Under Armour is Ready to Forge Higher

Under Armour is displaying positive price action and technical indications on multiple timeframes.
By Robert Moreno ,

Under Armour (UA) - Get Report shares have over-powered the S&P 500 index by 54% since their 2013 low. The rise had been on a steady trajectory higher until late last year, when the stock pulled back to retest the two-year uptrend line and that formerly solid support failed to hold.

A low was made a month later at the 38% Fibonacci retracement level of its 2009 low and 2015 high, and the stock saw a strong reflexive bounce, returning back up to the trend line. This time the line, now acting as resistance, held, and the stock reversed back down to the earlier low in the $35 area.

Under Armour has been consolidating above this support for the last two months in a small horizontal channel pattern. Weekly moving average convergence/divergence has made a bullish crossover, and accumulation/distribution has been holding above its rising 21-period signal average. Last week's unusual price action saw channel support retested, followed by an 8% bounce that powered the stock through channel resistance, forming a strong bullish hammer-like weekly candle.

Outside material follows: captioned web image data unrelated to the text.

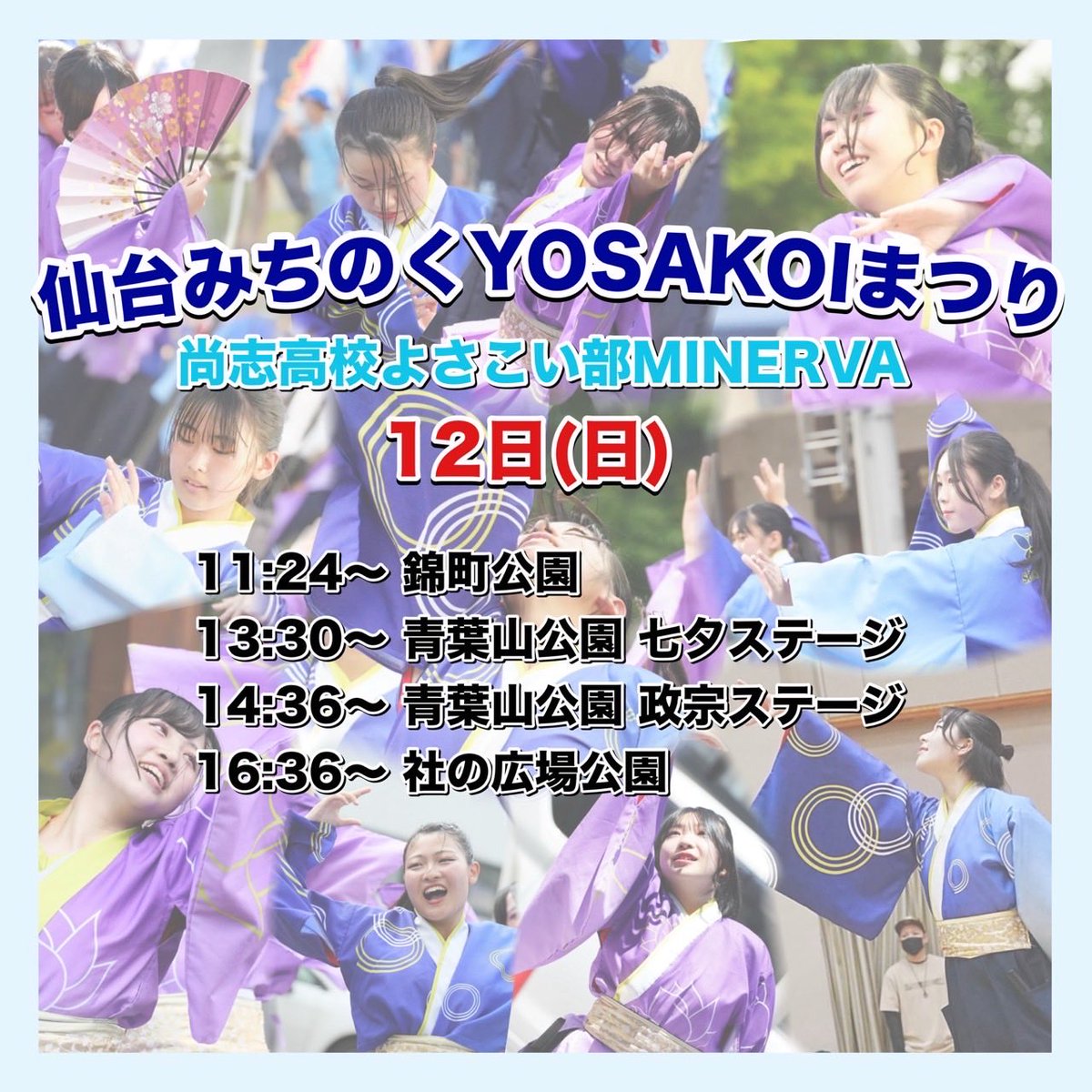 shhs4351minerva's tweet photo. 【告知】
仙台みちのくYOSAKOIまつりに参加します！

初めての参加となりますが部員一同全力で演舞させていただきます！！
応援よろしくお願いいたします🔥

#尚志高校MINERVA #尚志ミネルバ https://t.co/OZ5won80Lz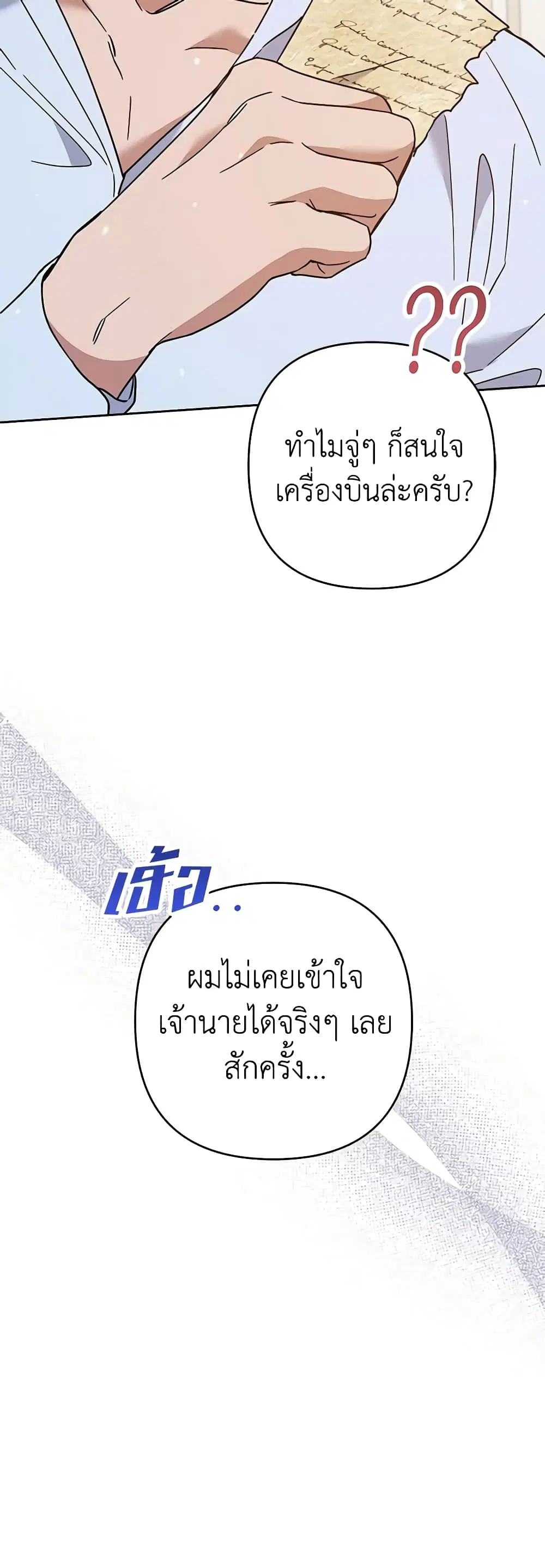 What It Means to Be You ตอนที่ 67 หน้า 31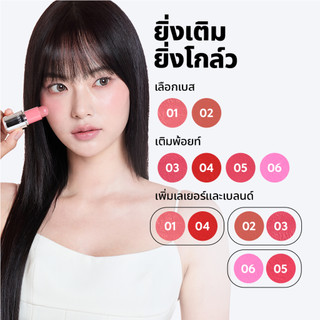 [HANNAH HOT DEAL] 2 trong 1 Má Hồng & Son môi dạng thỏi Mood Glider Lip & Blush Stick 3.8g / 6 Màu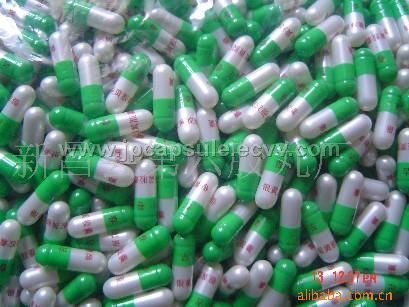 capsule 00#,0#,1#,2#,3#,4#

The price and money flow momentum indicators on the daily timeframe are in sync with the weekly indicators.  Moving average convergence/divergence and the relative strength index have been tracking higher since the end of May and are crossing their respective center lines. Accumulation/distribution crossed above its signal average in June about the same time Chaikin money flow moved into positive territory. These multiple timeframe confirmations suggest that the trend is higher and that there is buying power to sustain the move. The surge in price last week took out not only channel resistance but also the 50-day moving average, and the next levels of resistance are the 200-day average and the downtrend line drawn off the 2015 and 2016 highs.

Under Armour looks like a good risk/reward long candidate at its current level using a trailing percentage stop.

This article is commentary by an independent contributor. At the time of publication, the author held no positions in the stocks mentioned.